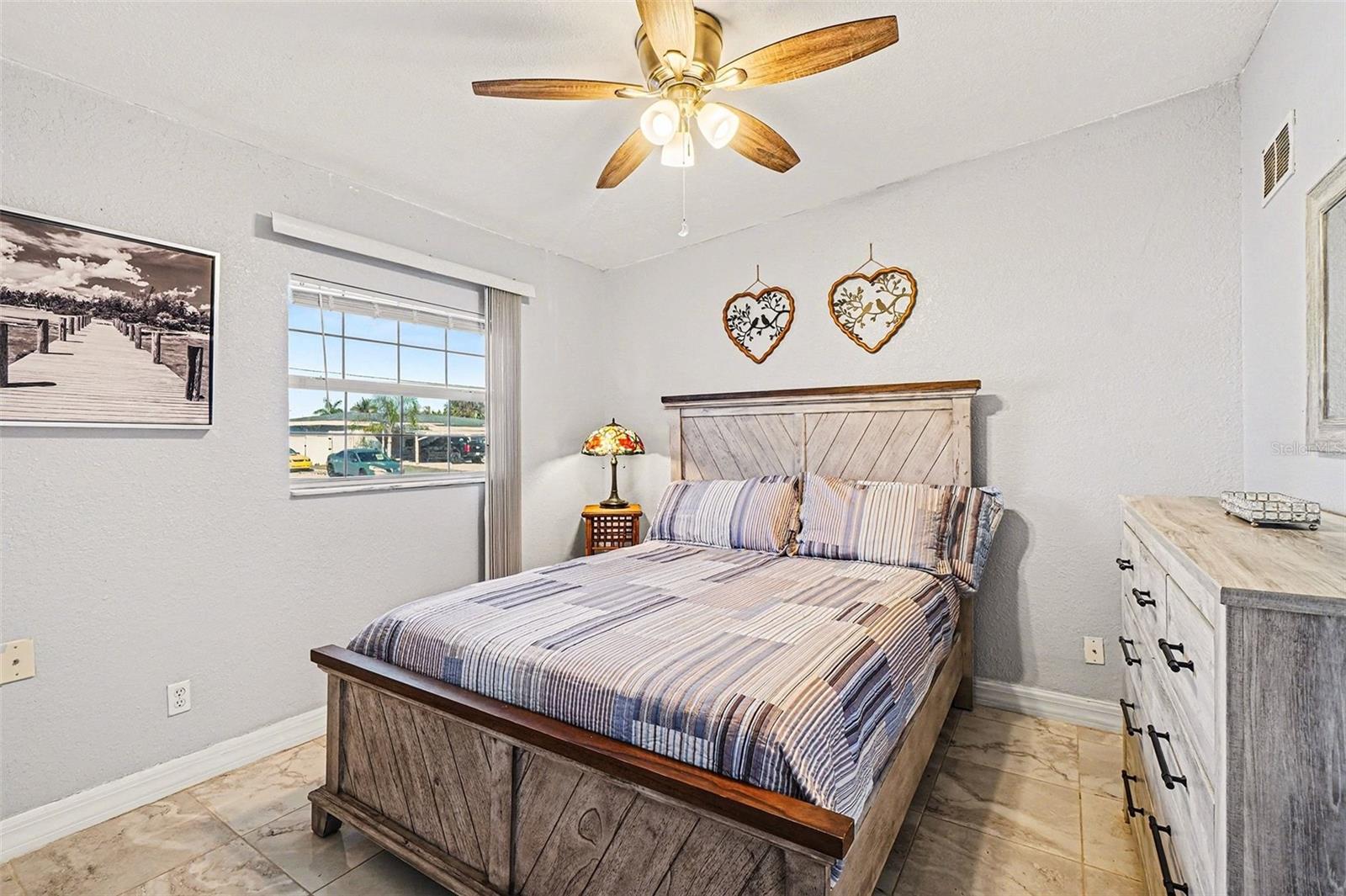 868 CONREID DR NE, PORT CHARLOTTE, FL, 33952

---

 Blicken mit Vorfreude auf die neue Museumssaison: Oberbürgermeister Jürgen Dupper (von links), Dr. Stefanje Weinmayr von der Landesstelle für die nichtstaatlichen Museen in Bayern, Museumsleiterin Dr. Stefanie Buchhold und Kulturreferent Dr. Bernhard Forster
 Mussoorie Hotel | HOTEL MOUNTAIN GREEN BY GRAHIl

--

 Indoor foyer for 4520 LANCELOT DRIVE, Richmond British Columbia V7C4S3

REQUIRED WORK
Look in the material above for the line with "Blicken mit Vorfreude" and the line with "Mussoorie Hotel |", and transcribe exactly those lines and all lines between them, nothing more.

RESPONSE BELOW
 Blicken mit Vorfreude auf die neue Museumssaison: Oberbürgermeister Jürgen Dupper (von links), Dr. Stefanje Weinmayr von der Landesstelle für die nichtstaatlichen Museen in Bayern, Museumsleiterin Dr. Stefanie Buchhold und Kulturreferent Dr. Bernhard Forster
 Mussoorie Hotel | HOTEL MOUNTAIN GREEN BY GRAHIl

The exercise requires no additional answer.